President Obama made Internet waves usually reserved for cat memes on Wednesday, when he answered questions on Reddit. But Reddit isn’t just for Q&As with celebrities  like Louis C.K. and Neil deGrasse Tyson—it’s also becoming a launching pad for talented, unknown writers.

Last year, I quietly achieved super-lurker status on Reddit, when I discovered its NoSleep subreddit, a subsection of the site that features user generated spooky stories. Some claim to be true, some are proudly fictional—but more than a few are absolutely terrifying and mysterious.

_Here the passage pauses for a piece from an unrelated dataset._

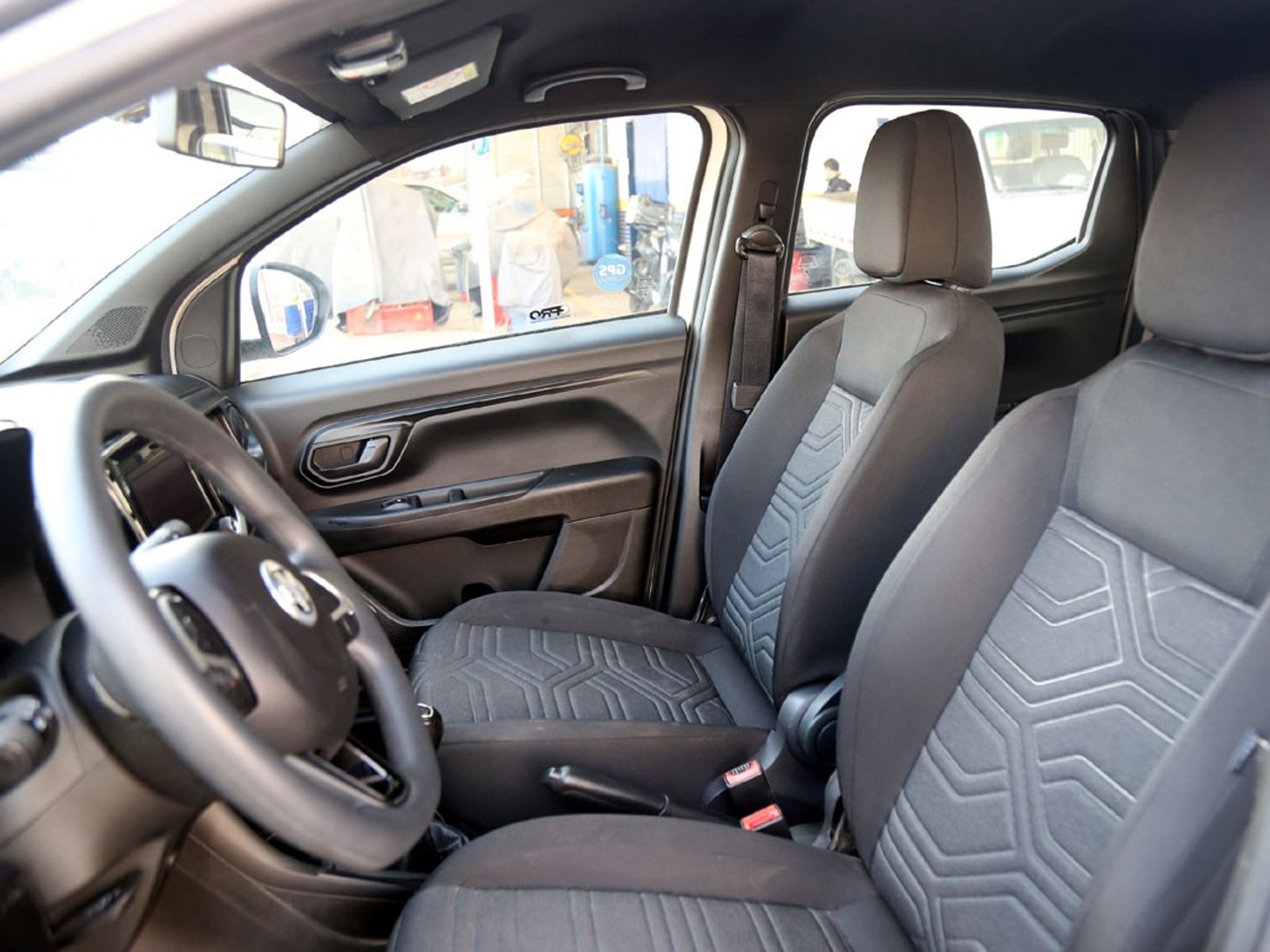 RAM 700 BIGHORNE DCAB 1.3 2024 - Imagen 12 de 20
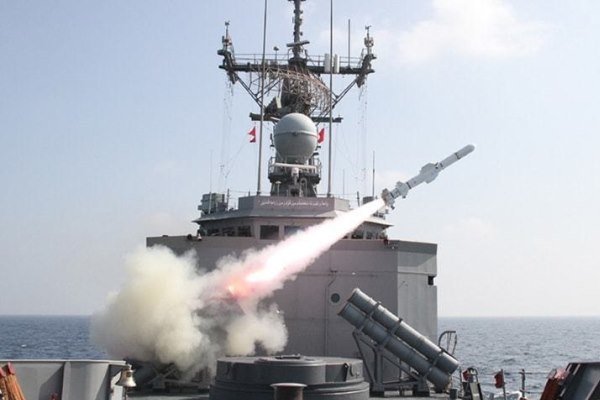 آزمایش موفقت آمیز موشکهای ضد کشتی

And the form of Reddit, the way it features an initial user post and then nested comments to which the original author can reply, can heighten the narrative: some authors pretend to update their story in real time, others interact realistically with their questioners. And Redditors can vote stories up and down, making it easy to find  the community’s favorites.

Now Redditor Dathan Auerbach (user name 1000vultures), has become NoSleep’s first break out author success. On August 12, Auerbach released the Kindle version of Penpal, an eBook that collects the 6 part horror novella he posted on Reddit over the last year. In the original posts, Auerback pretended to be relating a true story—and this faux-documentary approach made his tale of a young man slowly recalling horrifying events from his childhood even more powerful.

As an eBook, Penpal is already a bestseller on Amazon, where it’s garnered 60 user reviews, many of which mention first discovering the story on Reddit. For authors, this is a perfect example of the new ways they can find and satisfy an audience. Auerbach joined a forum devoted to people who liked his kind of stories, wrote an episodic narrative that smartly took advantage of the way Reddit works, and then, after tweaking and listening to his commenters and their encouragement,  produced an eBook that he already knew had an audience.

Reddittors are quickly becoming eBook authors. In June the site’s founder, Alexis Ohanian, released his own eBook, “Make Something People Love.” In it Ohanian writes that when working on the Web, “Anything you create actually has to be good.” That’s always been the requirement of being a great writer; now, forums like Reddit give authors a fairly sure-fire way of finding out if they’ve succeeded.